Apache ShardingSphere 5.0.0: Kernel Optimizations

Having undergone almost two years of development and optimization, the Apache ShardingSphere 5.0.0 GA version was finally released. 

Compared with the 4.1.1 GA version, the new version's kernel is greatly improved: *first, the kernel optimizations are subject to the pluggable architecture allowing users to combine kernel features as they wish; secondly, aiming to improve SQL distributed query capabilities, Federation Execution Engine is created to satisfy users' needs in complex business scenarios. We also made optimizations at the API level to help users reduce costs.

After reading this article, you will understand some kernel-related changes we made and the feature differences between the new Apache ShardingSphere version and the previous one. You will also learn more about these optimizations and study how to use the 5.0.0 version in a practical scenario case that integrates data sharding, read/write splitting, as well as encryption and decryption.

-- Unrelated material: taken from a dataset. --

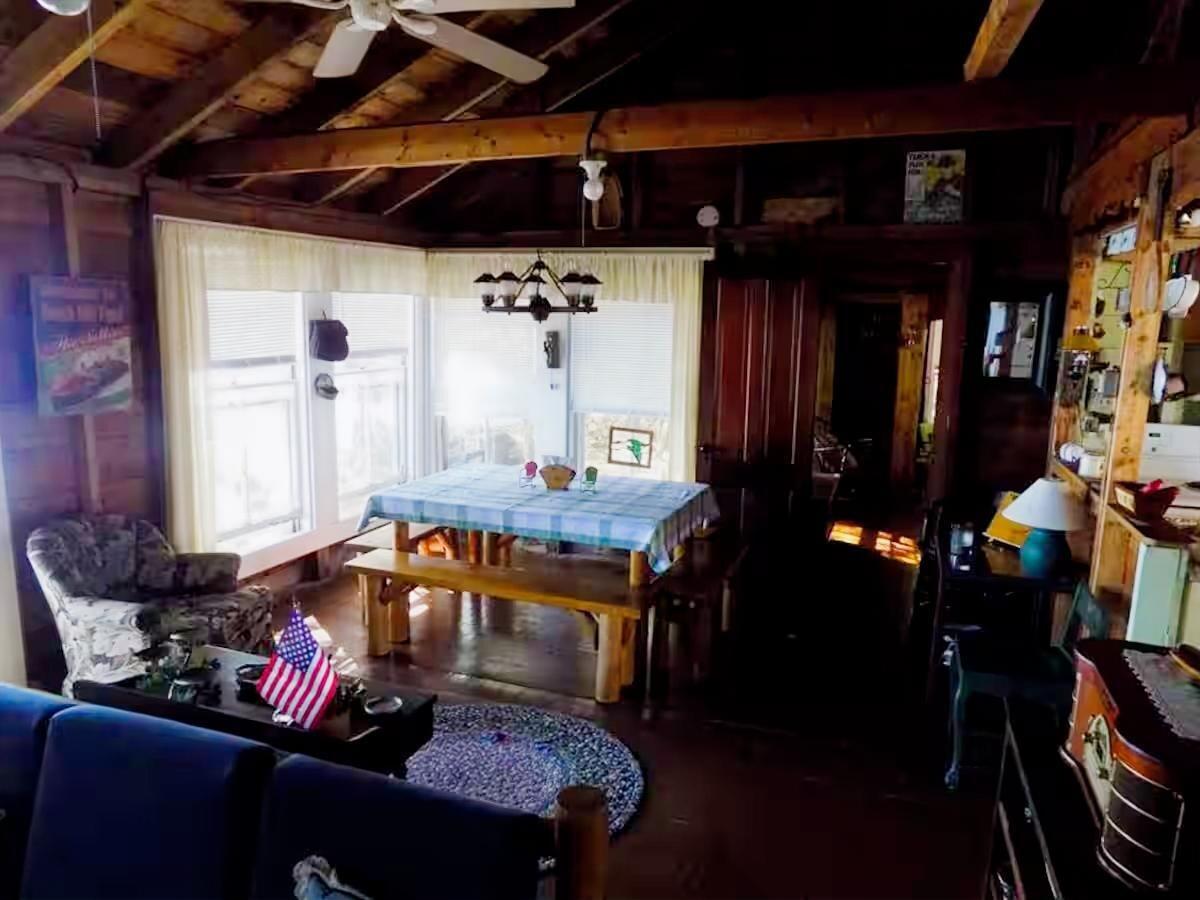 573 Point Road Otis, ME 04605 - Photo 5 of 23 Living room 2-4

Pluggable Architecture Kernel

Database Plus is known as the North-Star of Apache ShardingSphere's 5.0.0 GA version. Our mission is to build a criterion and ecosystem above multi-model databases, and provide users with additional functions. The three characteristics of Database Plus are called Link, Enhance, and Pluggable. 

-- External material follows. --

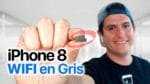 iPhone 8 Wi-Fi em cinza.
| (Espanhol)
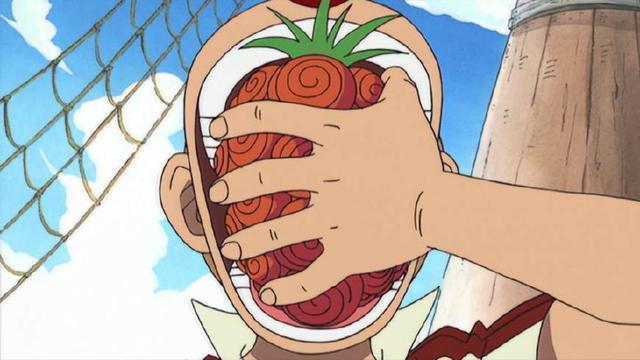 海贼王:五人选择吃掉恶魔果实,两人身体异变,一人吃了假的果实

Precisely, by connecting to heterogeneous databases, Apache ShardingSphere can provide multi-model databases with management services and enhanced features including but not limited to data sharding, data encryption & decryption, and distributed transactions. With its pluggable platform, the enhanced functions can be expanded indefinitely, or to put it another way, users can flexibly extend the features as they need. 

The emergence of the Database Plus concept indicates that ShardingSphere has evolved from a middleware into an innovative distributed database ecosystem. Since we set Database Plus as our new direction and there are many extension points in our pluggable system, having a pluggable kernel was a given. The figure below illustrates the new pluggable Kernel: 

All of Apache ShardingSphere Kernel' processes (i.e. metadata loader, SQL parser, SQL router, SQL rewriter, and SQL executor & result merger) provide extension points built on which Apache ShardingSphere implements default features such as data sharding, read/write splitting, encryption & decryption, shadow database stress testing, and high availability.

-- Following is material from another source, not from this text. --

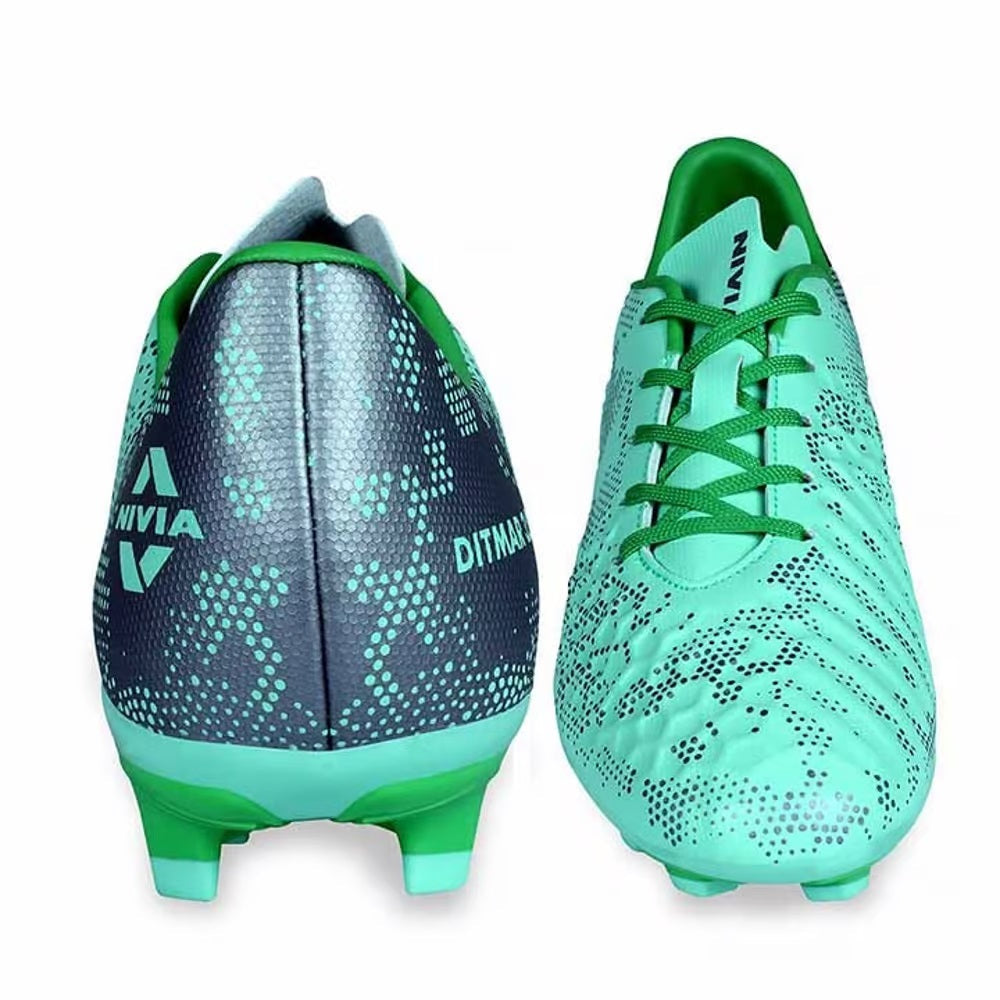 NIVIA Ditmar 3.0 Football Shoes for Men - Sea Green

We can divide the extension points into two categories: feature-based extension points and technology-based extension points. 

Among the processes of Apache ShardingSphere Kernel, technical extension points include the extension points of the SQL Parser Engine and SQL Executor engine, while function extension points are the extension points of the Metadata Loading, SQL Router engine, SQL Rewriter Engine, and SQL Executor & Result Merger Engine.

The extension points of the SQL Parser Engine are SQL AST Analysis and SQL Tree Traversal. The SQL Parser Engine of Apache ShardingSphere built on these two extension points can parse and traverse many database dialects such as MySQL, PostgreSQL, Oracle, SQLServer, openGauss, and SQL92 by default. Users can also write code to parse more database dialects not currently supported by Apache ShardingSphere SQL Parser, or develop SQL Audit and other new features.

How about the SQL Execution Engine extension points? Its extension depends on different execution methods. Currently, Apache ShardingSphere's SQL Executor has a single-threaded execution engine and a multi-threaded execution engine. The single-threaded execution engine is used to execute transaction statements, while the multi-threaded one applies to scenarios that do not include transactions to improve SQL execution performance. In the future, we will provide more execution engines such as MPP Execution Engine that meets the requirements for SQL execution in distribution scenarios. 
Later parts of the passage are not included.